THE PROBLEM: Beginning at the line that holds "ハザードマップで条件検索できる土地探しサービスの画像", transcribe each line exactly through the end of the records, and leave any pictures out.

------------------------------------------------------------

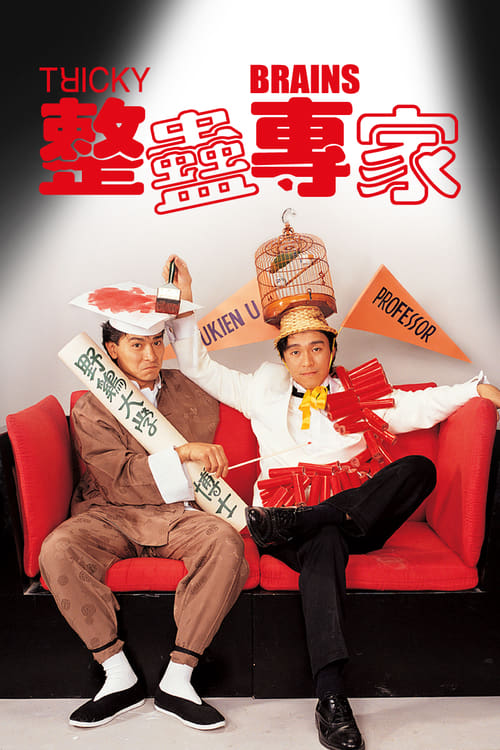 ดูหนังออนไลน์ฟรี Tricky Brains (1991) คนกัดคน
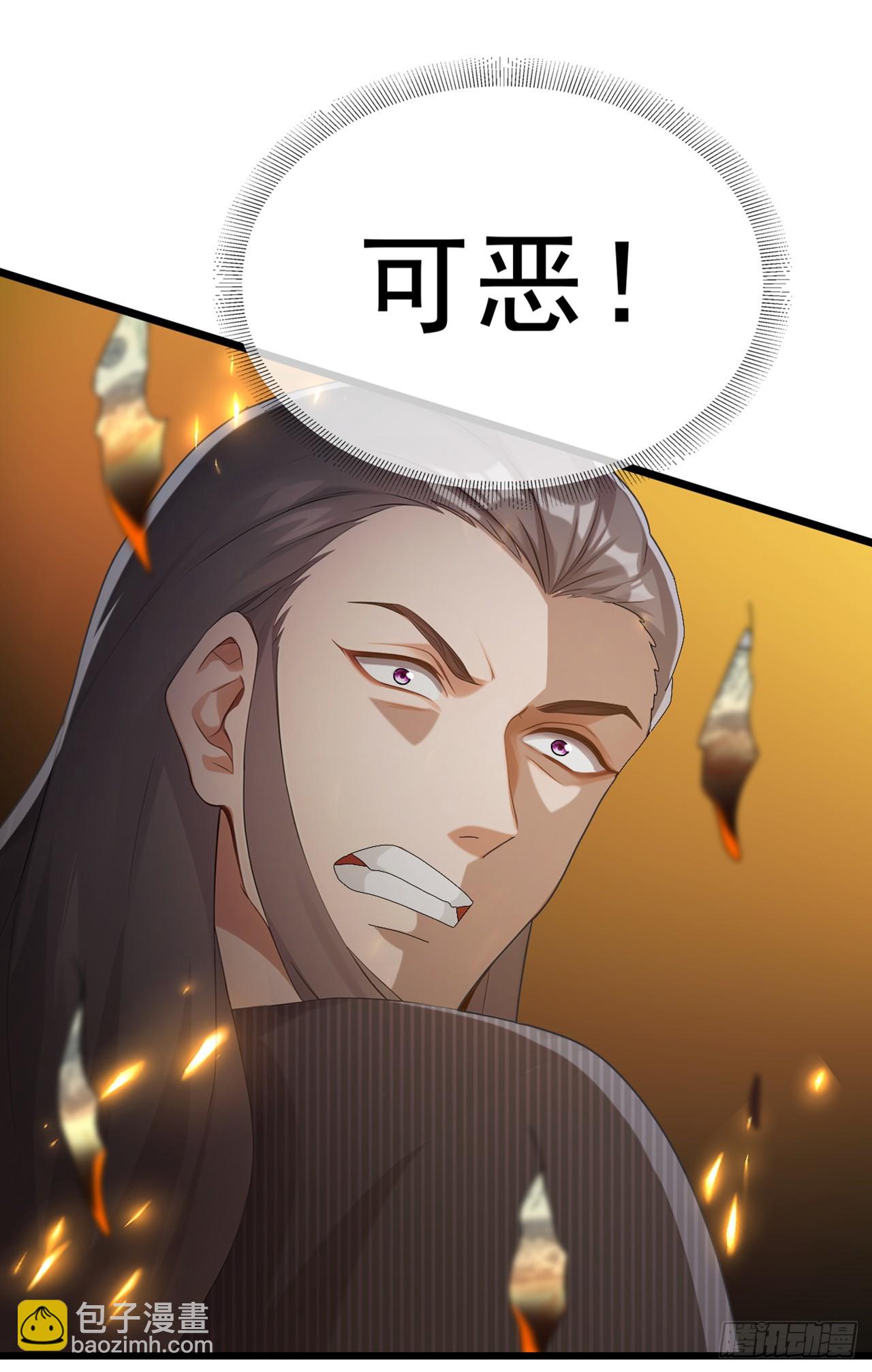 第93话 定会让你们灰飞烟灭-第94话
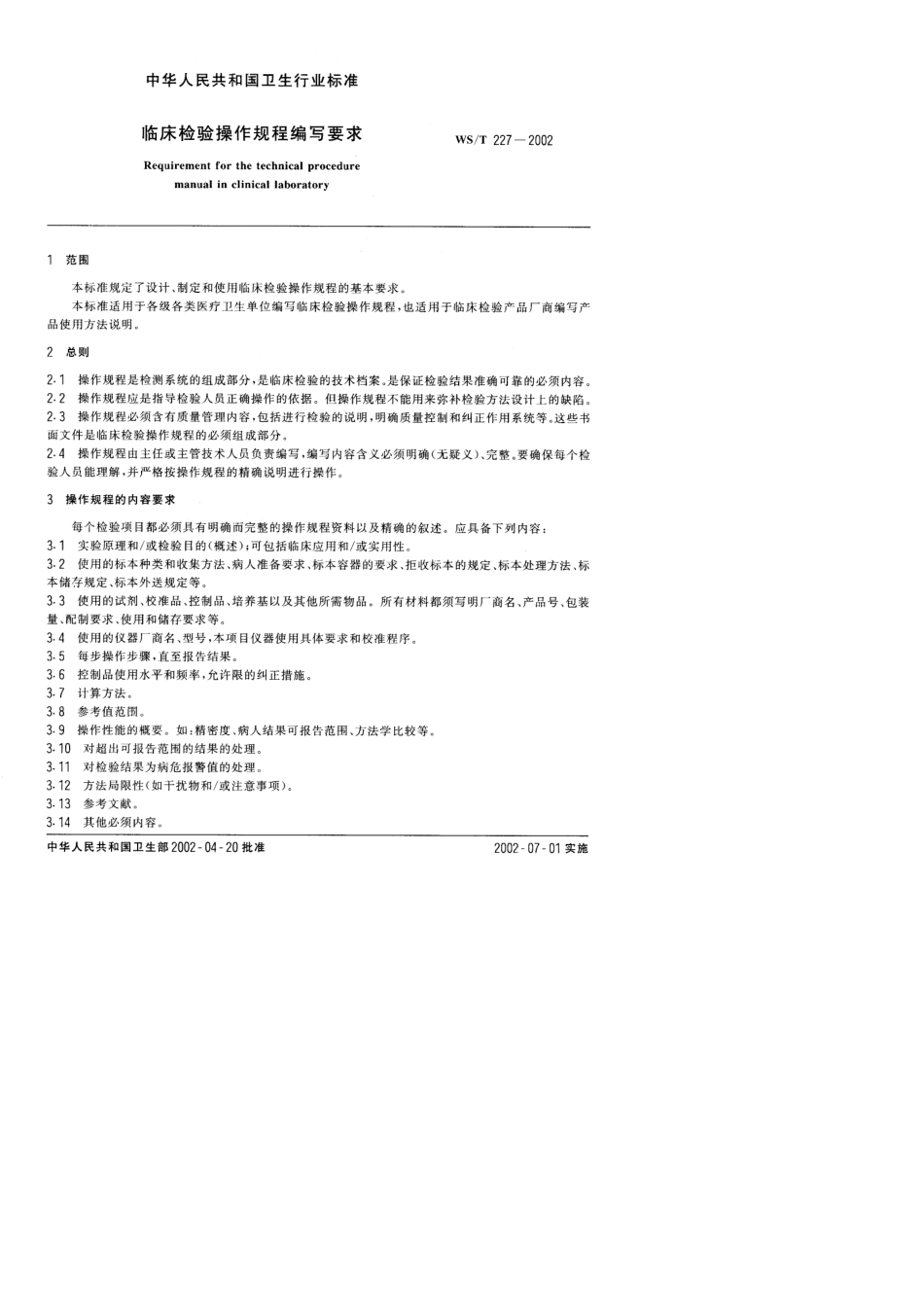 WST2272002临床检验操作规程编写要求_第1页
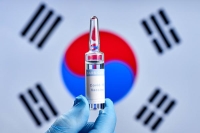 كوريا الجنوبية تبذل مجهودًا كبيرة للحد من إصابات فيروس كورونا - مشاع إبداعي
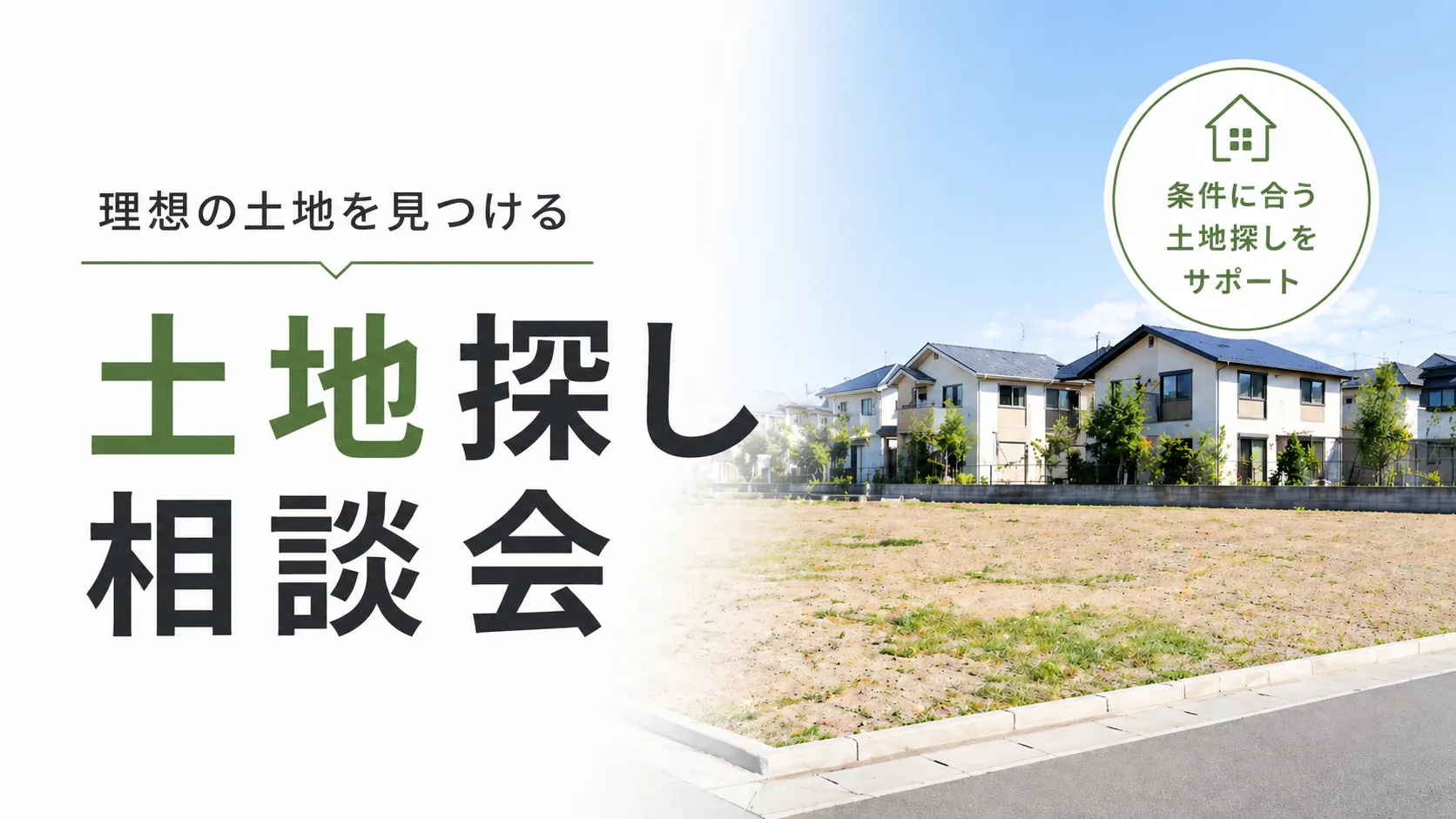 ハザードマップで条件検索できる土地探しサービスの画像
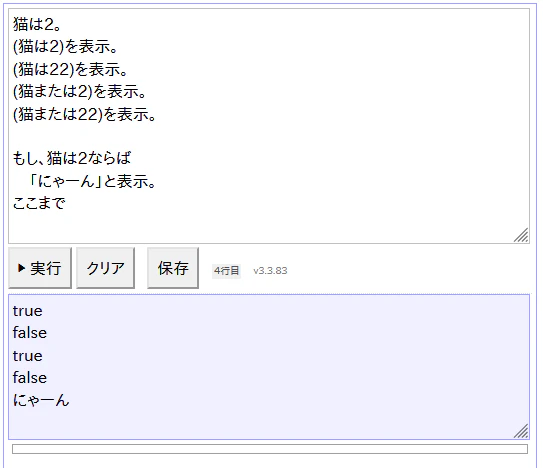 『もし、AがBならば』構文テスト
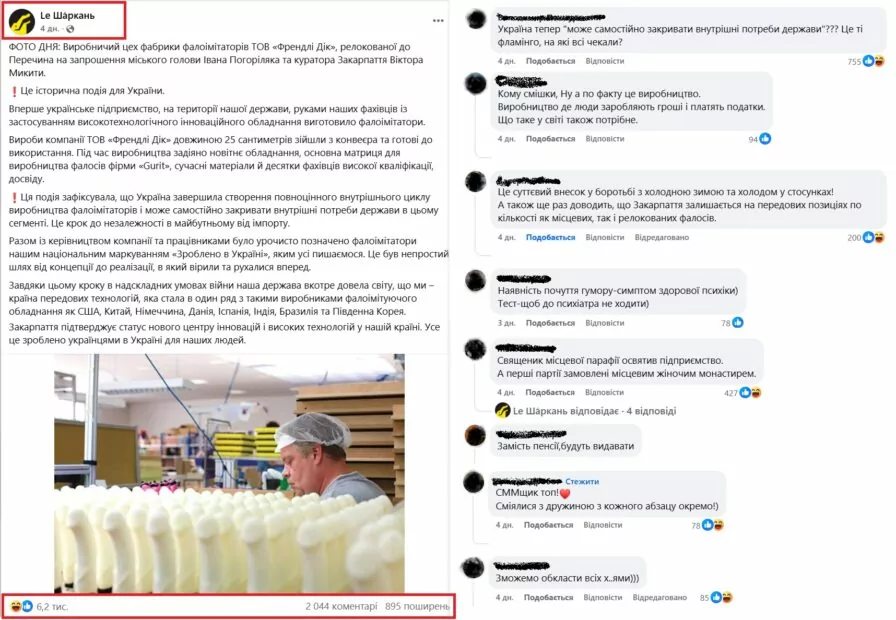 Публикация в Facebook на странице Le Ша́ркань о производстве фаллоимитаторов в Перечине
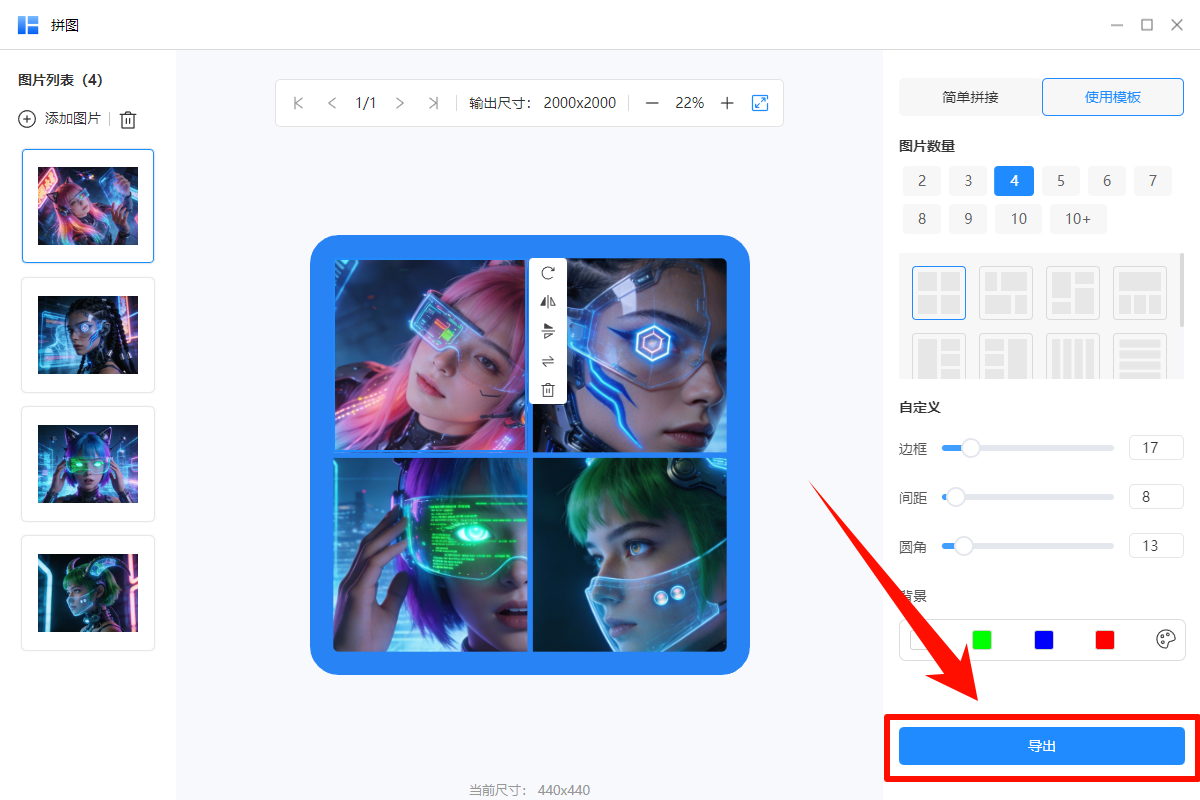 免费拼图软件哪个好用9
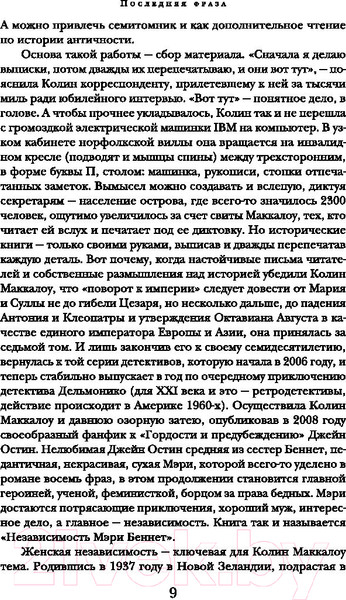 Изображение товара Книга АСТ Поющие в терновнике (Маккалоу К.)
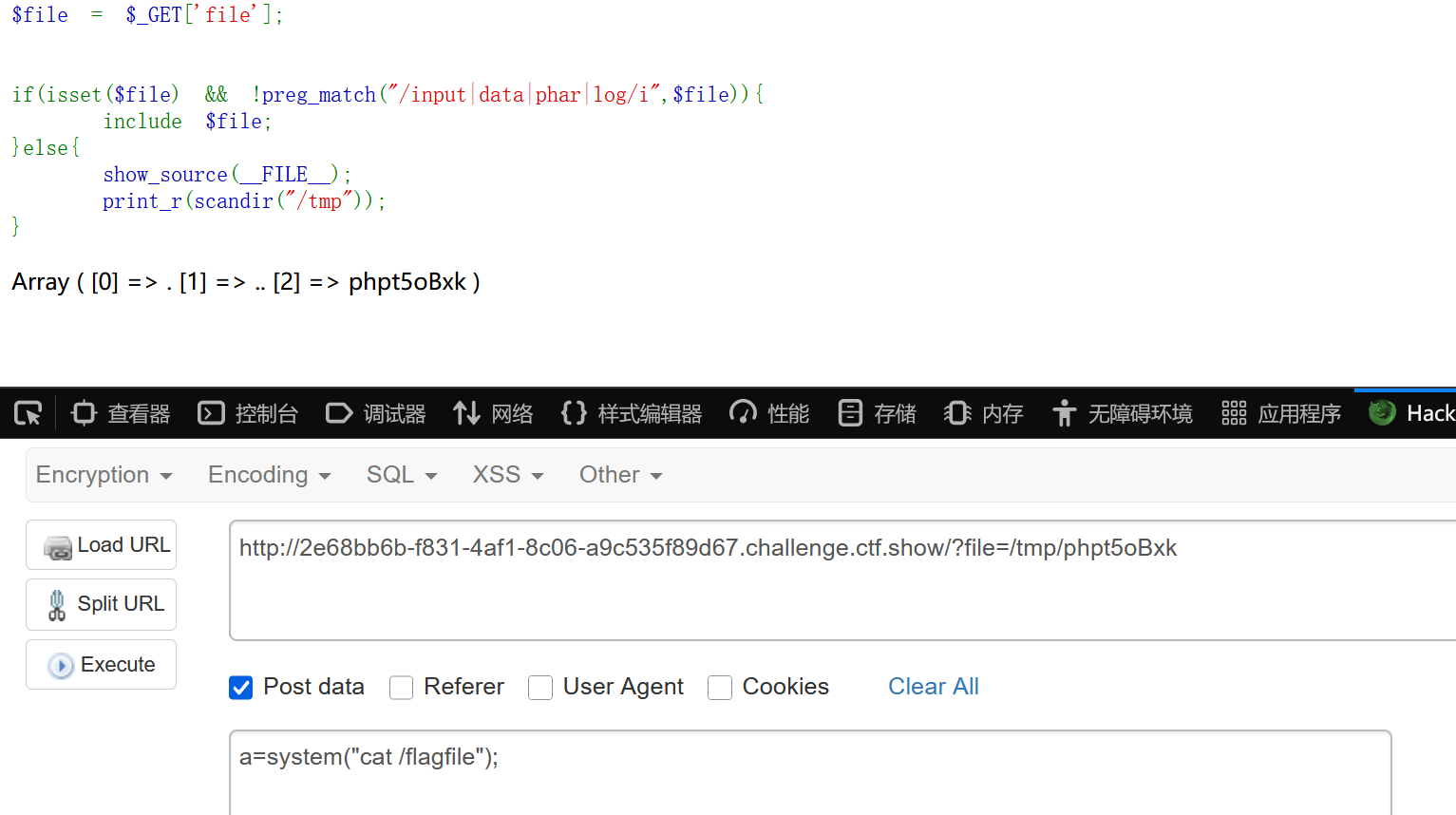 image-20250504142954146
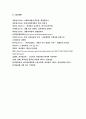 사회복지법제-관심 있는 사회문제와 관련된 사회복지법 하나를 선택하여 법 내용과 본인의 생각을 작성하시오.-방송통신대 2018 사회복지법제 공통형(사회문제와 관련된 사회복지법 하나) 12페이지
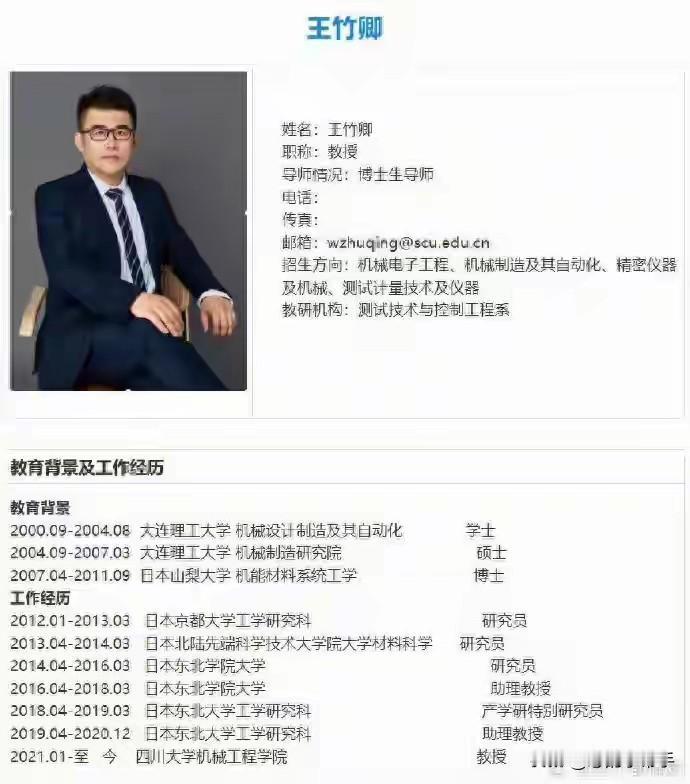 国内精英西化，日化，是一个很大的问题。走进大学课堂，个别教授不再言传身教知识，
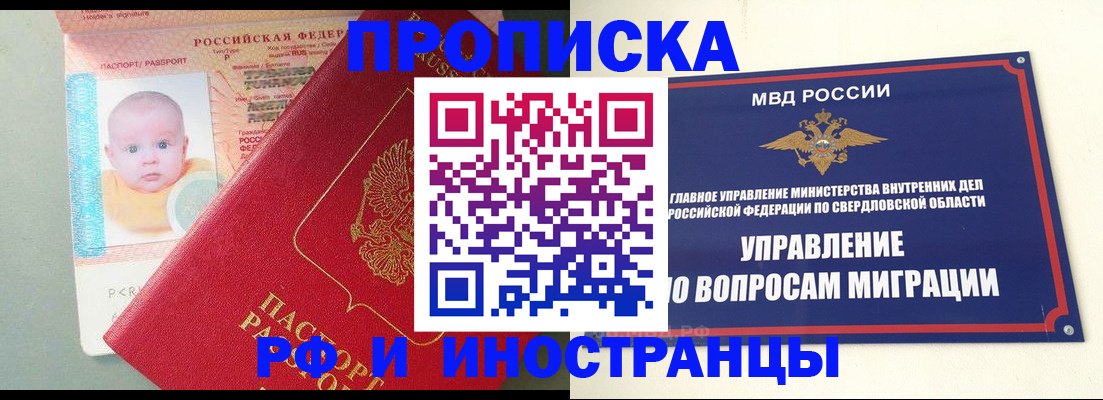 временная регистрация законно в Немане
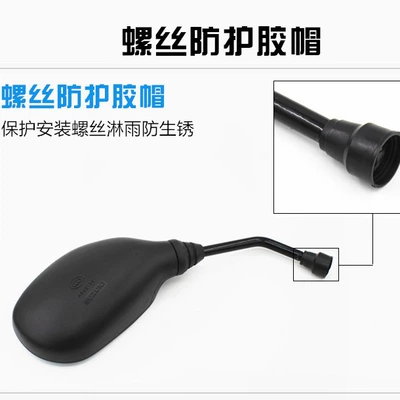 Suzuki Motorcycle Junchi Gt Car mirror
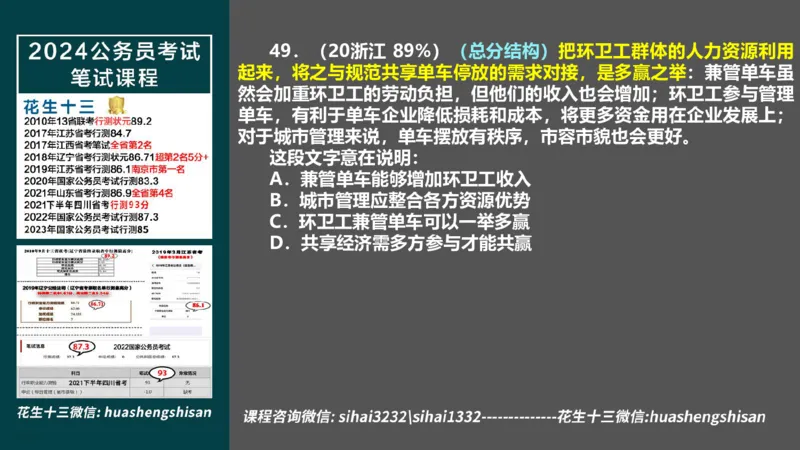 24行测套题6（言语+数量）_2026考公资料_花生十三合集_2024+2023年资料_套题班2024上半年花生飞扬省考套题冲刺班_电子讲义_课件PPT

------------------------------------------------------------

SOLUTION TO THE PROBLEM:
 ハザードマップで条件検索できる土地探しサービスの画像
 『もし、AがBならば』構文テスト
 Публикация в Facebook на странице Le Ша́ркань о производстве фаллоимитаторов в Перечине
 免费拼图软件哪个好用9
 Изображение товара Книга АСТ Поющие в терновнике (Маккалоу К.)
 image-20250504142954146
 사회복지법제-관심 있는 사회문제와 관련된 사회복지법 하나를 선택하여 법 내용과 본인의 생각을 작성하시오.-방송통신대 2018 사회복지법제 공통형(사회문제와 관련된 사회복지법 하나) 12페이지
 国内精英西化，日化，是一个很大的问题。走进大学课堂，个别教授不再言传身教知识，
 временная регистрация законно в Немане
 Suzuki Motorcycle Junchi Gt Car mirror
 24行测套题6（言语+数量）_2026考公资料_花生十三合集_2024+2023年资料_套题班2024上半年花生飞扬省考套题冲刺班_电子讲义_课件PPT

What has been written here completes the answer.